Produce as output only the lines below starting at the line with "Hotel Saranda 65/79" and continuing through the line with "Апартаменты 10mm A", each one exactly as written.

INFORMATION SUPPLIED:
Start of Block

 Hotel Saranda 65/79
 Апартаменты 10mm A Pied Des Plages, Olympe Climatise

End of Block
Start of Block

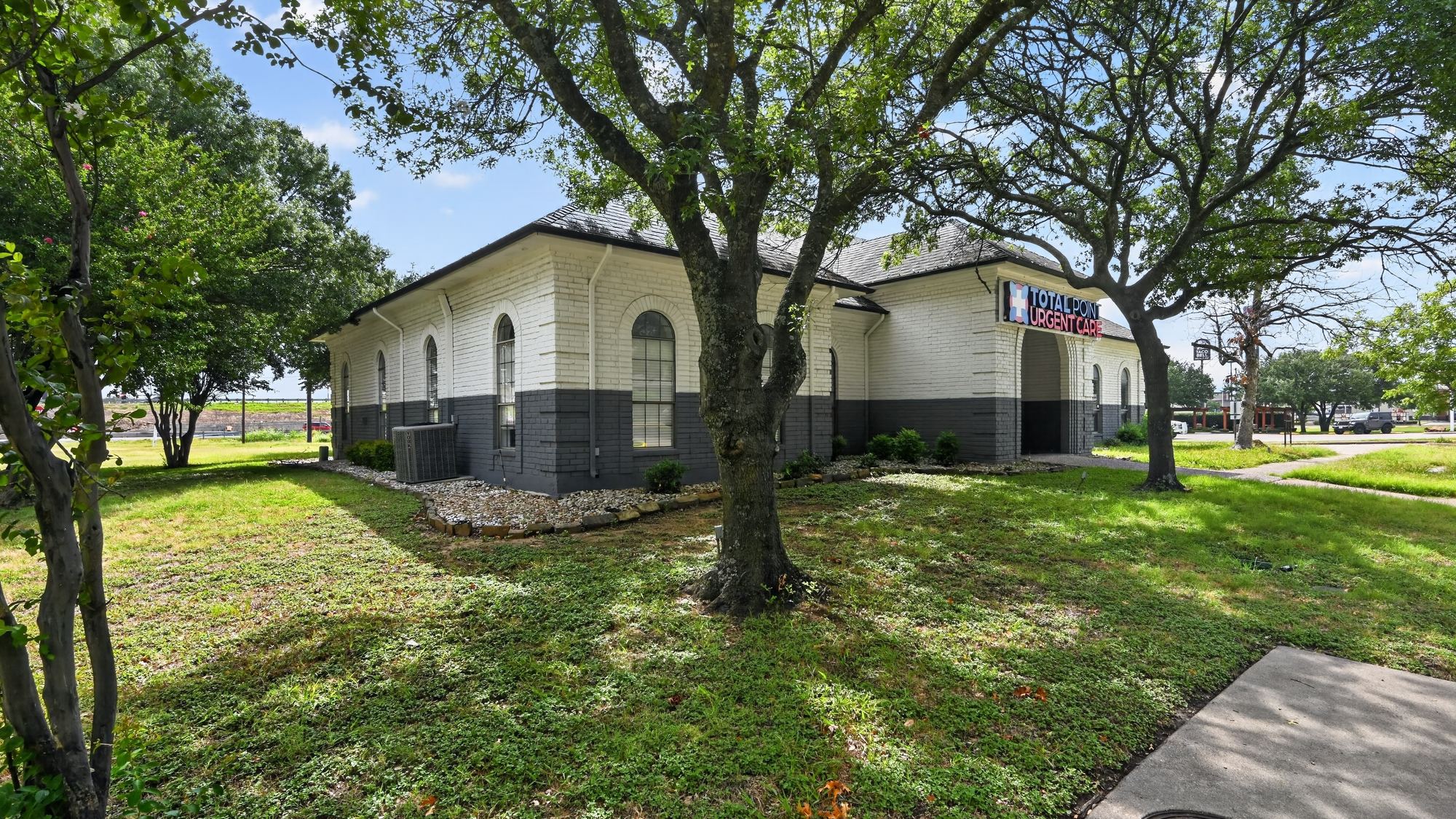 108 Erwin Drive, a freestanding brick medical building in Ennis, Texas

End of Block

TASK RESPONSE:
 Hotel Saranda 65/79
 Апартаменты 10mm A Pied Des Plages, Olympe Climatise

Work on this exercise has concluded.